As judge, Mr. Byers failed to monitor the bookkeeping of one his staff, who then stole $31,000. Rather than agree with the Maumee City Council on an audit by the state auditor’s office at a reasonable price, which would then be open for public scrutiny, Mr. Byers used court money to hire a costly private auditor at a higher price than the state auditor. The court’s initial contract said the audit would be for the court’s eyes only, raising questions about the court’s transparency. Ultimately, the court’s audit was completed at a cost of $245 per hour — compared with $50 per hour that would have been the cost of the state audit — and was released to the public.

In the coming campaign, Mr. Byers may well show voters that he can adapt to a branch of government that demands collaboration and transparency, but clearly his learning curve would be steep in this regard.

Also filing as a Democrat was Michael Hood, a Spencer Township trustee.

The Republican in the race, so far, is Sandy Bashaw, a nurse and a strong supporter of President Donald Trump. That’s the extent of her political background. She also has a pastoral degree from Oral Roberts University, and is married with four sons.

The candidate likely to get the backing of many Republican and independent voters in Lucas County will be Toledo Councilman Sandy Spang, who said last week that she intends to run for commissioner — as an independent.

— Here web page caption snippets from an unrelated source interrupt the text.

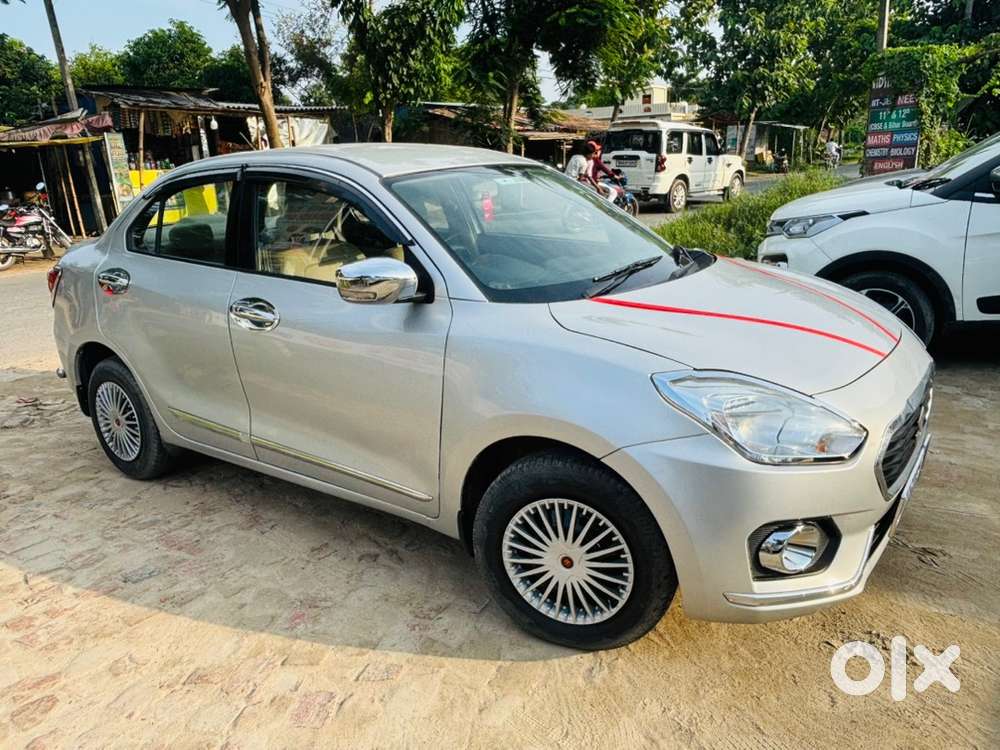 Maruti Suzuki Dzire Vxi 2019 1st Owner 41000km
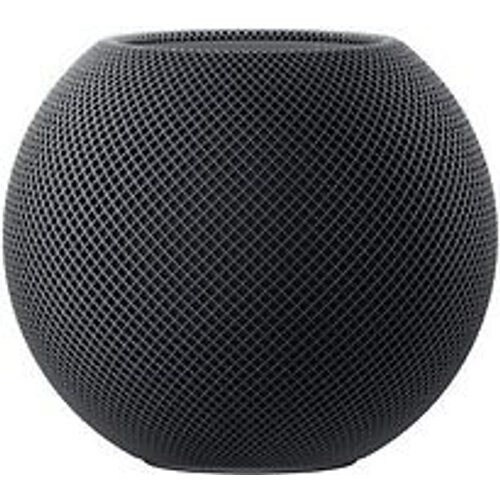 Apple HomePod mini spacegrijs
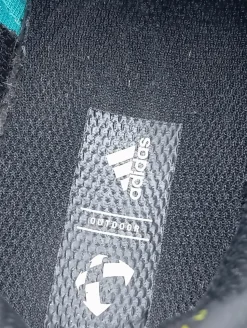 Schnürsneaker Größe 38,5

A former Republican, Ms. Spang ditched her old party in 2010. Toledo’s election process is officially nonpartisan, so the ballot doesn’t identify candidates by party. Candidates who are or lean Republican have nothing to gain, and may even suffer in heavily Democratic Toledo, by being associated with the GOP.

Ms. Spang was the third highest vote-getter when she ran for council in 2013 and the highest vote-getter in 2017. She ran for mayor in 2015 in a crowded special election that was won by the incumbent, Democrat Paula Hicks-Hudson. Ms. Spang came in fourth.

Can an independent win a partisan countywide race? It is a proposition that has never been tested. But if anyone can, it is Ms. Spang who is a formidable personality, campaigner, and policy wonk.

In any event, she is providing a real choice — the first voters have had in a very long time.